Es lo que para nosotros, como argentinos, hace que el tiempo no sea ni el del olvido culpable, ni el del recuerdo que mantiene el odio. El tiempo que cura las heridas no es ni el tiempo del olvido culpable, ni el del recuerdo que mantiene el odio. Es decir, es la relación con la verdad del sujeto lo que va curando, cuando la justicia no es perversa. Y de ella, de la verdad del sujeto, no dan cuenta ni la justicia de los hombres, ni lo cierto de su lógica, ni lo cierto de su prueba tomada por la verdad. No hay prueba científica de la existencia del inconsciente. Esto es lo que yo tengo para decirles a futuros psicoanalistas. No hay prueba científica de la existencia del inconsciente. Su convicción no se tiene sin recorrer el camino. De ella, de la verdad del sujeto, solo da cuenta esa intersección entre justicia y verdad, que solo puede formularse con esa pregunta. Por eso, cuando ella le dice, “¿mentiste?”, él le contesta, “¿tú, qué hubieras hecho?” Tú, libre de tu ideología y tu lógica, si es que puedes. Tú libre de tu venganza y tu opinión, si es que puedes. Tú libre de tu miedo y tu piedad por ti misma, si es que puedes. Tú, ¿qué hubieras hecho?

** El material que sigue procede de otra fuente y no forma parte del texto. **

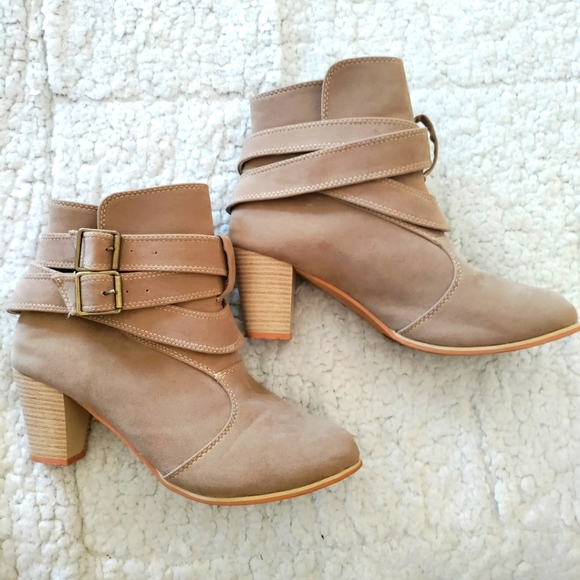 Cute strappy tan booties - Picture 5 of 10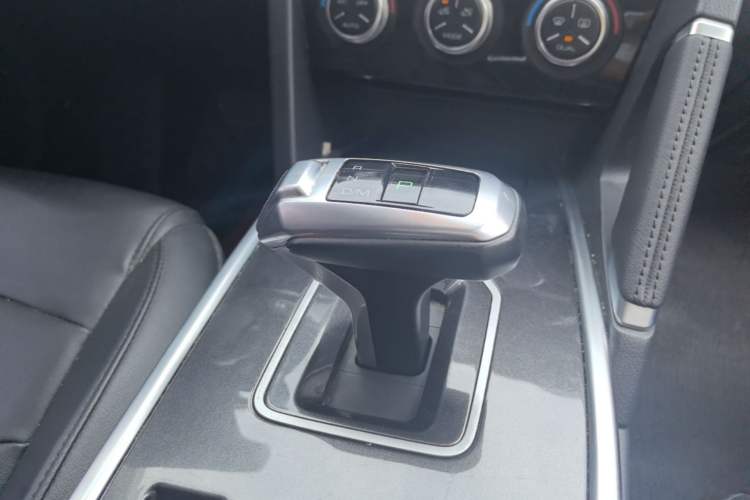 Used Haval H6 2018 Red-Label Sport Edition 1.5T Automatic Two-Wheel Drive Elite Model Gear Lever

Para terminar, un comentario sobre el reportaje a Marcos Camacho, el jefe del Primer Comando Nacional de San Pablo, la conocida organización narco. Se trata de otro perverso, con una lucidez que parece un alfiler, pero absolutamente perverso. En este reportaje, él nos habla de la nueva especie que se está gestando: ni explotados, ni infelices, ni siquiera marginales, nos dice. Estamos en la post miseria, nos dice, la post miseria que no puede morir. Dice que ellos son una malformación de nuestra especie producto de un enorme error, y termina diciendo “porque usted sabe, yo leo al Dante: estamos todos en el centro del infierno”.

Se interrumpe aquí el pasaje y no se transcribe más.